Ader­haut­me­l­a­nom mit Lebermetastasen

Chemosaturation als Therapieoption

22. Juni 2021

TÜBINGEN (Bier­mann)  Eine aktu­el­le Studie hat gezeigt, dass die Chemo­sa­tu­ra­ti­on bei hepa­tisch meta­stasier­tem Uvea­me­l­a­nom mithil­fe perku­ta­ner hepa­ti­scher Perfu­si­on (CS-PHP) von Melpha­lan eine siche­re und wirk­sa­me Thera­pie­mög­lich­keit darstellt.

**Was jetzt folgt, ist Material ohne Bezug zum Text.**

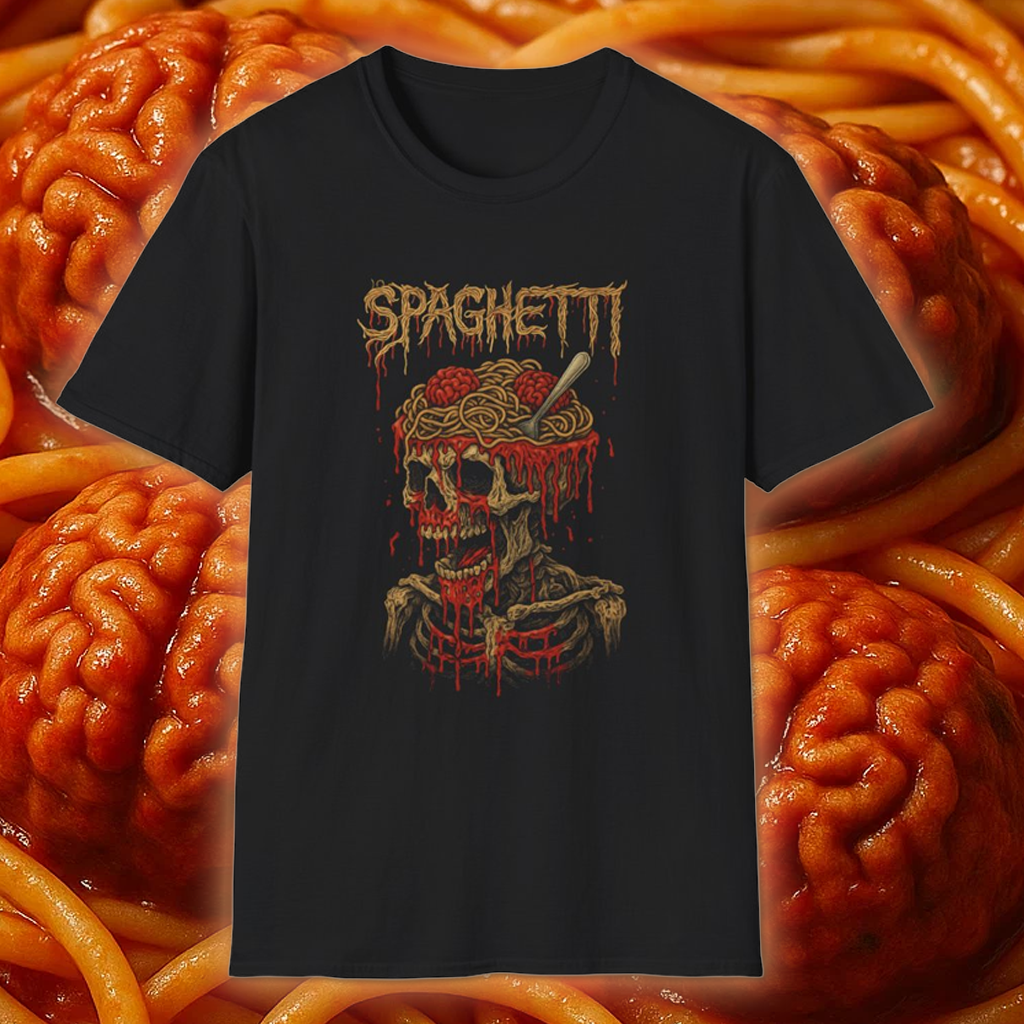 SPAGHETTI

Laut den Studi­en­au­toren trifft dies beson­ders bei Pati­en­ten mit einer hepa­ti­schen Tumor­last < 25% zu.

Die CS-PHP bezeich­net eine zeit­wei­se Isolie­rung der Leber vom Blut­kreis­lauf und das Appli­zie­ren hoch­kon­zen­trier­ter Zyto­sta­ti­ka  direkt in die Leber, wobei das gesam­te Organ mit dem Wirk­stoff gesät­tigt (satu­riert) wird ohne den Rest des Körpers anzugreifen.

Die Wissen­schaft­ler nahmen 29 Pati­en­ten (medi­a­nes Alter 69,7 Jahre; Bereich 30–81 Jahre; 60% Frauen; media­ner Body-Mass-Index 25,7 kg/m2; Bereich 18,7–35,3 kg/m2), welche zwischen Juni 2015 und März 2020 mit 1–6 CS-PHP (insge­samt 53 CS-PHP) behan­delt worden waren, in die Studie auf.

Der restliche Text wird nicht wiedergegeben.